L’objectif des sanctions est clair : assécher les revenus du gouvernement syrien et le forcer à faire des concessions politiques. Contrairement aux autres secteurs, les devises générées par l’exportation du pétrole rentrent directement dans les caisses de l’État.
Les sanctions font particulièrement mal dans le cas de l’Europe qui achète à elle seule près de quatre-vingt-dix pour cent des exportations de brut syrien. Les conséquences de l’application des sanctions ont d’ailleurs été immédiates : mi-octobre, le ministre du Pétrole, Sufian al-Allao, annonçait que la production journalière avait chuté de près d’un tiers à environ 270 000 barils. Le manque de débouchés à l’export a forcé en effet les producteurs locaux à réduire la voilure faute d’espace de stockage.
Le fait que les sanctions n’aient pas été adoptées par l’ONU permet théoriquement au gouvernement de s’orienter vers d’autres marchés ; en pratique cela s’avère cependant bien difficile et la recherche de nouveaux clients bute sur de nombreux obstacles d’ordre logistique et financier. Des importateurs indiens ont fait part de leur intérêt, mais admettent des difficultés pour trouver des tankers. Par ailleurs, afin d’être compétitif le ministère syrien du Pétrole se doit d’ajuster le prix d’exportation à la baisse pour tenir compte des frais de passage par le canal de Suez et des coûts de transport nettement plus élevés que pour les destinations européennes.

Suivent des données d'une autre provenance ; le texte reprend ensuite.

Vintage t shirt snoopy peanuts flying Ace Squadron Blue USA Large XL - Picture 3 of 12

Cette perte substantielle de revenus ne va pas aller sans conséquence pour l’État qui a déjà le plus grand mal à boucler ses fins de mois.
Début décembre un autre train de sanctions annoncées par l’Union européenne prévoit un gel des avoirs des principales entreprises pétrolières de l’État syrien. Elles ont poussé les entreprises européennes associées à ces sociétés, en particulier Shell et Total, à annoncer leur retrait du marché.

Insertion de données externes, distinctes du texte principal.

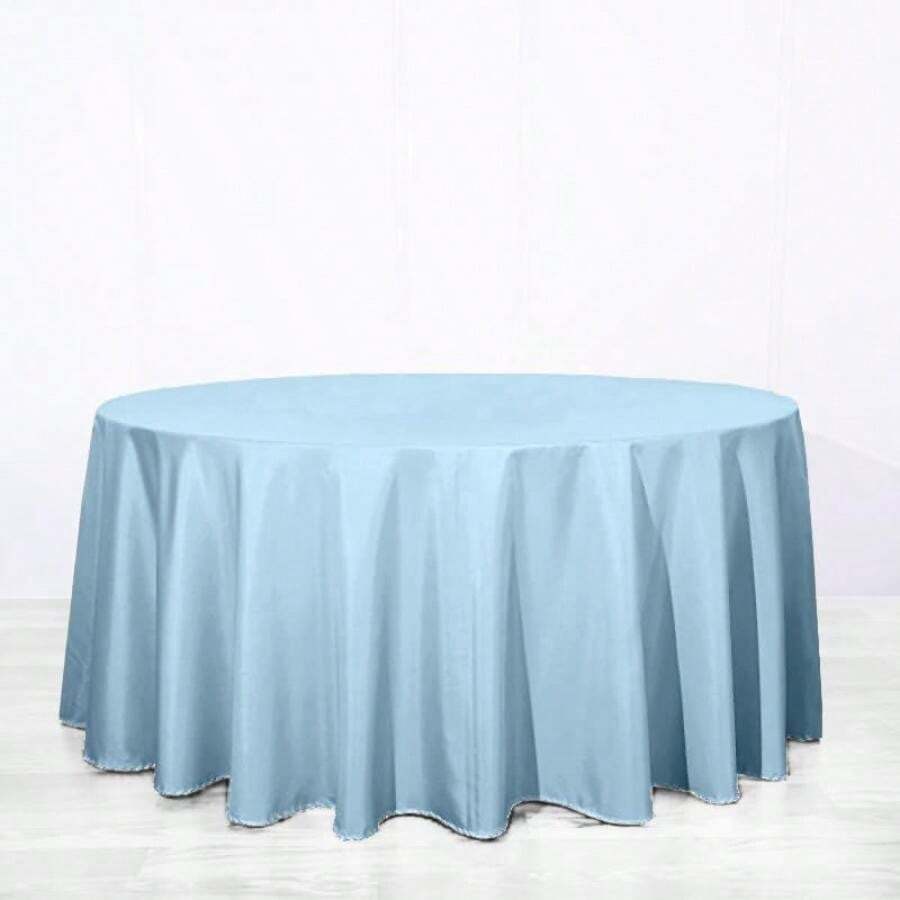 ALFER HOME - Mantel Redondo Luxor 2.90 m, para Eventos, Banquetes y Hogar, Elegante y de Calidad,(Azul Cielo 290 cm (Redondo)) - Multicolor - Ver 1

Ce retrait prend davantage la forme pour l’instant d’une suspension que d’une fin en bonne et due forme des activités en Syrie. Au-delà de leur production, qui est modeste pour des entreprises de la taille de ces multinationales (80 000 b/j pour Shell et 25 000 b/j pour Total), la Syrie représente pour ces entreprises une tête de pont idéale pour l’un des grands marchés de la région, l’Irak. Elle est incontournable sur le long terme pour le transport du brut irakien vers les marchés européens.

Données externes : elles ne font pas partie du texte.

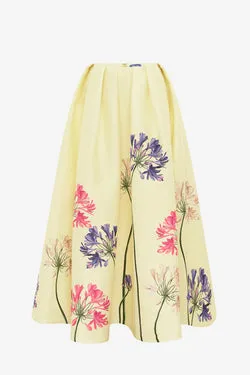 Victoria Puff Maxi Skirt - Agapanthus Print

La hausse du prix du baril de brut depuis une dizaine d’années a par ailleurs rendu rentable l’investissement dans des champs syriens de taille modeste. Ainsi, en plus de Shell et Total, de nombreuses sociétés de taille relativement petite se sont lancées dans la prospection, tels Suncor Energy (Canada), Maurel et Prom (France), Gulfsands (Royaume-Uni), INA (Croatie), Tatneft (Russie), IPR (États-Unis), CNPC (Chine) et ONGC (Inde).
Ces dernières n’ont pas encore annoncé leur retrait et certaines d’entre elles pourraient même être tentées de profiter du retrait de leurs compétiteurs européens pour renforcer leur position même s’il apparaît peu probable que l’environnement sécuritaire et le manque de visibilité les encourage à investir davantage dans leurs opérations syriennes.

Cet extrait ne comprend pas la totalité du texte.